Stuck in airports flying home for Thanksgiving gave me time to write. So today, one of a series of happy stories. Enjoy.
Every visit before, the way was barred.
November 2007
We had been to St. Louis' magnificent City Museum many times before, the marvelous place of tunnels and secrets shared before in the tale
Sunday at the City Museum. We had explored with many friends from the Museum's deepest caverns up to the top of the highest stair -- but no further. For on every visit before, we were not permitted to follow the endless stair all the way up to open sky. But this time, amidst the last warmth of a late Indian Summer, the way was open. And for the first time for us, out onto the City Museum's once forbidden roof we ran.
November 2009
There was a giant slide, it's peak almost twelve stories above ground. There was an old fashioned ferris wheel and a scampering pond and more. And there were all the other areas of wonder that are the St. Louis City Museum, on and over and through we romped until the sun set and evening turned into late, late into the night. And the weekend had just begun!
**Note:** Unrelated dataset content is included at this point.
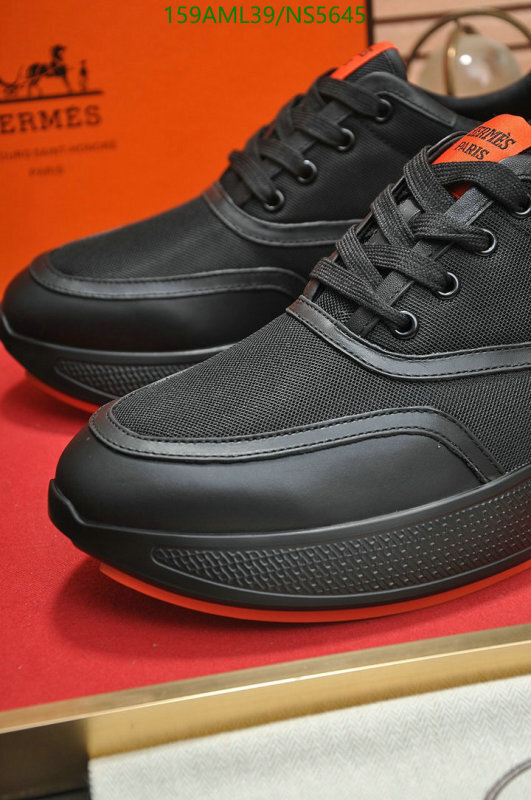 Hermes-Men shoes Code: NS5645 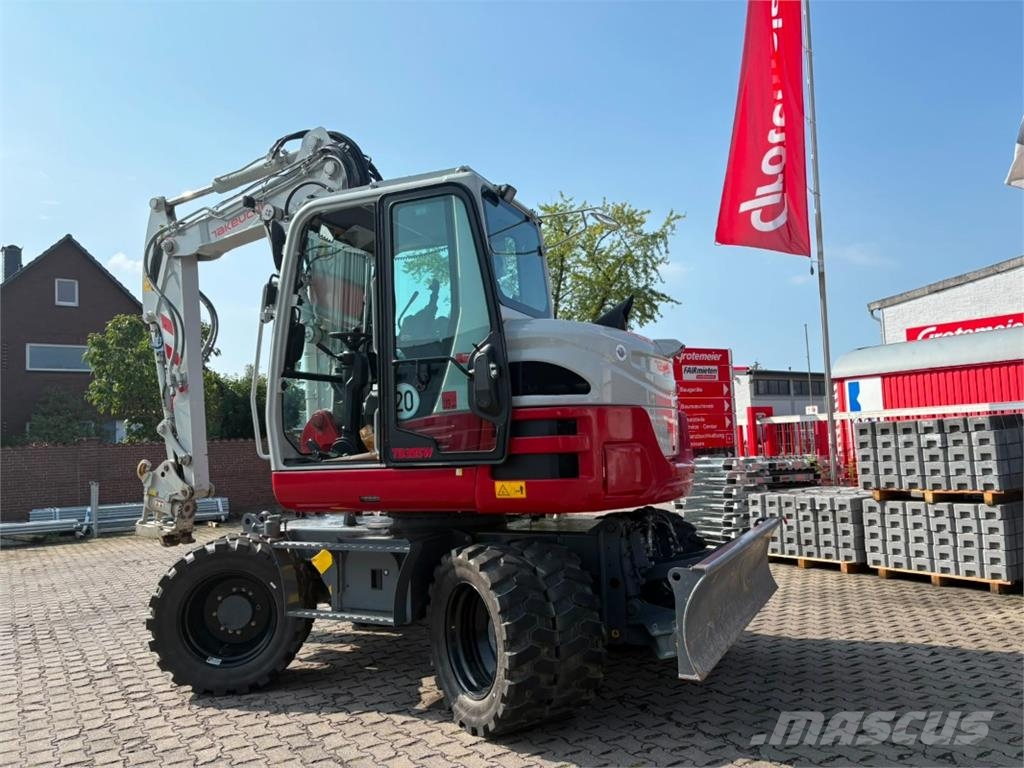 Takeuchi TB395W V4 Мини екскаватори < 7 т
It was less than two weeks since I had celebrated the glorious close of the 2009 Maryland Renaissance Festival season with many friends, among them Zach and Jesse (
Light from the White Hart. By sheerest luck, Zach's work just happened to bring him to St. Louis just two weeks later, I just happened to have a rare conincidental weekend free of clinical duty, and so they decided to make a trip of it, in one of my last few months in St Louis. They had arrived on Thursday night in time for a splendid dinner at one of the city's most famous Italian restaurants, Friday evening at the City Museum after my clinical duties had ended for the day, and then onwards into a glorious Indian Summer weekend...
Even for southerly St. Louis, a early November weekend with the mercury flirting with 80 degrees is unusual. Eighty degrees, sunny, and not a trace of the cloying humidity which usually curses warm days on the Missisipi floodplain -- a glory whose timing was perfect. And so it was to mighty forest park we went to spend the day.
Built for the 1905 Worlds Fair and Olympics, the great forests and fountains had been the setting of many tales told before in this journal: of sledding (
Art Hill and Bum Hollow) and music (
Painted on an Autumn Evening's Sky) and balloons (
The Great Forest Park Balloon Race). Now, we partook of another old st louis tradition; paddleboats from the boathouse, a picnic on the waters, lazy cruising across the lagoons and old sailing songs as a warm november sun fired the autumn leaves with gold.
And there was the Zoo, lions and tigers and bears; and there was sunday brunch on the plaza of the Coronado; and there was the splendor of the Cathedral Basilica. But before all too soon it was time to part at the airport, with one last round of hugs, they back to Ann Arbor; my back to duty in the ICU.
Another weekend of warm memories, days of November sunshine and summer.